August 31, 2020 (Investorideas.com Newswire) If you run a small business, one practice that you have to establish from the very start is managing your invoices. Your business will only flourish if you keep track of invoices from the start of the project, up to the end when you expect to be fully paid.

The good news is that if you maintain a systematic and updated invoicing system, your small business will be better managed. Customers will also be glad to work with you since there isn't any confusion as to how much you expect to be paid and how much they've already paid.

However, if you find that you haven't been paid yet but need an influx of cash, you may opt to tap an invoice finance company to secure a small loan or line of credit. This will address your cash flow problem temporarily until your invoice has been paid.

Here are the steps you should follow to maintain a well-managed invoicing system.

1. Choose Between a Manual or an Electronic Invoicing System

In the past, creating an invoice was done purely by hand. Each invoice would be written, with separate copies for the seller and the buyer. Nowadays though, electronic invoicing is a more popular choice since computers are considered a basic tool for most businesses.

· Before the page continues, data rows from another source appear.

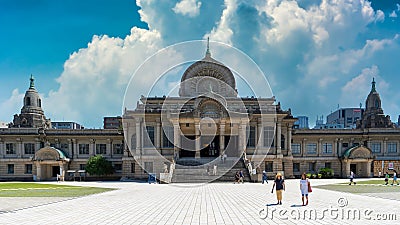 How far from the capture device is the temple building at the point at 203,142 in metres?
57.8

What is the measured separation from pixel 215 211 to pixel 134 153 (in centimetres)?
4154

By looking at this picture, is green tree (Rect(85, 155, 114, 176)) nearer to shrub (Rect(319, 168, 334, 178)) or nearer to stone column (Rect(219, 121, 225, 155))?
stone column (Rect(219, 121, 225, 155))

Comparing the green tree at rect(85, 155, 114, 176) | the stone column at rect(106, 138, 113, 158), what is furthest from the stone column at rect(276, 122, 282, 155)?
the stone column at rect(106, 138, 113, 158)

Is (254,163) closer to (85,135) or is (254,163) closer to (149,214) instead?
(85,135)

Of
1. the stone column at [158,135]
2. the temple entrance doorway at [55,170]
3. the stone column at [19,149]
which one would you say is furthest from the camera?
the temple entrance doorway at [55,170]

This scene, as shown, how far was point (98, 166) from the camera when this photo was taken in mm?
60906

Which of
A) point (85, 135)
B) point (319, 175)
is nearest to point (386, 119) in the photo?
point (319, 175)

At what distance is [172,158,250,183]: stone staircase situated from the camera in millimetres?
48031

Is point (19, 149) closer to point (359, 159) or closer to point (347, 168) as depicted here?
point (347, 168)

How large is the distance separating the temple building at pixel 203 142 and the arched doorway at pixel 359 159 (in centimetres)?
14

The advantage of using a manual invoicing system is that there's automatically a hard copy created with each handwritten invoice. On the other hand, using computerized invoicing makes it easier for a seller and a buyer to reconcile their financial records because they use the same software.

Some businesses may opt for a mix between the manual and the electronic systems. This means that the software can be used but elements of the manual system are maintained, such as printing out a hard copy for the seller and the buyer. This is a great way of reconciling records so that even when a problem arises, such as when the computer malfunctions, there are still hard copies of each transaction maintained.

3. Determine If You Intend to Extend Credit

If your small business ships a product or performs a service for a buyer, you have the option of seeking payment right away or extending a line of credit. It's usually easier to keep track of payments that involve credit if you have an electronic invoicing system. You can rely on your electronic records to show when the product or service was availed, and then check when the payment was sent and received by your business.

If the person or business that bought your product or service is relying on credit for now, you'll need to make note of the due date via your software. On the other hand, old-school accountants may remind you that many businesses still don't rely on electronic records at this time, so you may still need to manually remind a client of their payments due by a certain date.

3. Be Predictable

An invoice should always be predictable, meaning the person or business that bought your product or patronized your service won't be surprised to receive an invoice from you. Their records should show that your invoice is 100% accurate. It also helps if you use your business name and company letterhead or logo on the invoice each and every time it is sent to the buyer, so that the transaction will look official, formal, and authoritative. Consistency is the key to repeat business from each of your customers.

If your invoicing system is predictable, buyers who accidentally lose their own records (such as when their office is destroyed by a fire) will be able to reconcile their obligations to your business that much sooner. Consider this to be a benefit for your customer, since business is, after all, a relationship rather than just a single transaction.

4. Maintain a Professional Relationship with All Your Customers

One way to do this is to always include your company details and personal contact information in each invoice. Do this with each and every invoice not just to show your professionalism but also to help those who tend to forget such details.

It'll also be good to remain polite in all your transactions with customers. This means being respectful when you send every invoice as well, by saying "please" or "thank you" when appropriate. This extends even to customers who are a bit late with their payments, especially if they rely on your line of credit to sustain their transactions.

If you rely on certain payment systems, especially for online payments, do include the right details for those too. Make sure to include the accurate account name and the account number that you use, for their convenience, in your invoice.

And of course, when they do make their payments, always acknowledge each payment. That way, they know that your business relationship is alive and flourishing. It'll encourage them to maintain the relationship, for your mutual benefit.

Final Takeaway

Managing an invoice system is part and parcel of the daily operations of any small business. If you have a great invoice system, it'll be easier for you to sustain the effort of running the company for the long term. It'll also help your customers to remember you and their obligations to you so that your business relationship will survive and thrive, regardless of the business environment.